Während so mancher von Freys zitierten Amtskollegen verlangte, ausreisepflichtige Asylbewerber müssten "endlich auch abgeschoben werden", stellte Frey keine solchen Forderungen. Für Machnik werden in dem Text dennoch "Ressentiments gegen Geflüchtete aus uns kulturell nicht so nahestehenden Ländern geschürt" - mit Frey auf einem großen Foto. Der Starnberger Landrat sei dabei zwar keine treibende Kraft in den Reihen der Union, erklärte Machnik. "Aber Herr Frey macht halt mit."

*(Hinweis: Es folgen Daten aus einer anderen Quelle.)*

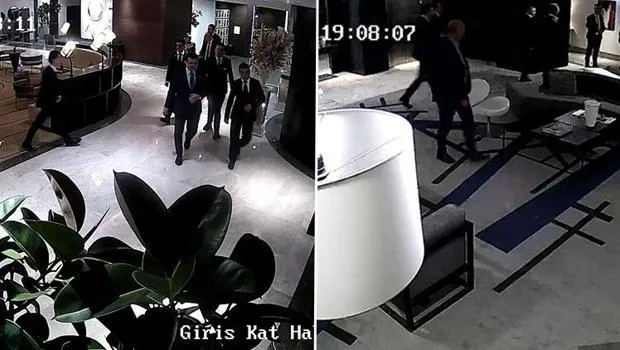 İBB'ye yönelik yolsuzluk soruşturmasında yeni görüntüler... İmamoğlu'nun gittiği otelin kameraları her toplantıda kapatılmamış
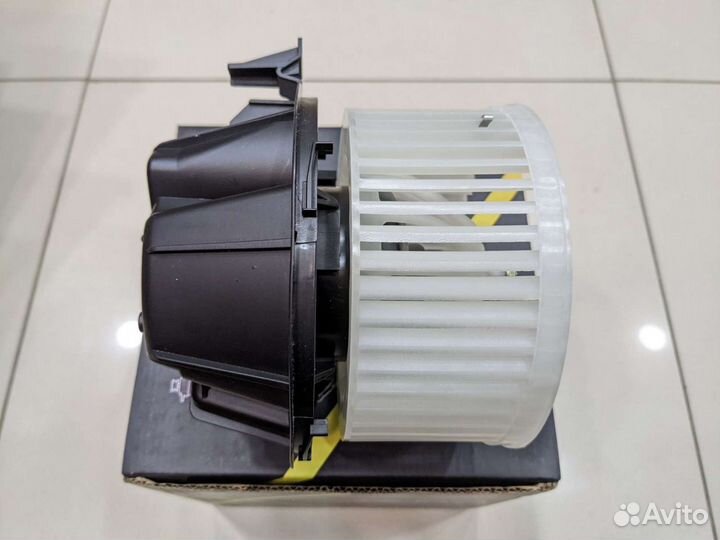 Мотор отопителя duster / logan / largus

Die Grünen stellen dabei klar: Es gehe ihnen keineswegs darum, die Herausforderungen für die Kommunen kleinzureden. Die Fokussierung auf das Thema sei jedoch nicht zielführend, andere Aufgaben kämen dadurch zu kurz. Nicht alle Sparmaßnahmen dürften mit Verweis auf die fehlende Unterstützung aus Berlin begründet werden, sagte die Grüne Bezirksrätin Martina Neubauer. Co-Sprecher Florian Hönicke ergänzte, Bund, Länder und Kommunen müssten zusammenarbeiten, statt sich gegenseitig die Schuld zuzuweisen. Das helfe "weder den Kommunen noch den vor Krieg und Unterdrückung zu uns geflohenen Menschen!"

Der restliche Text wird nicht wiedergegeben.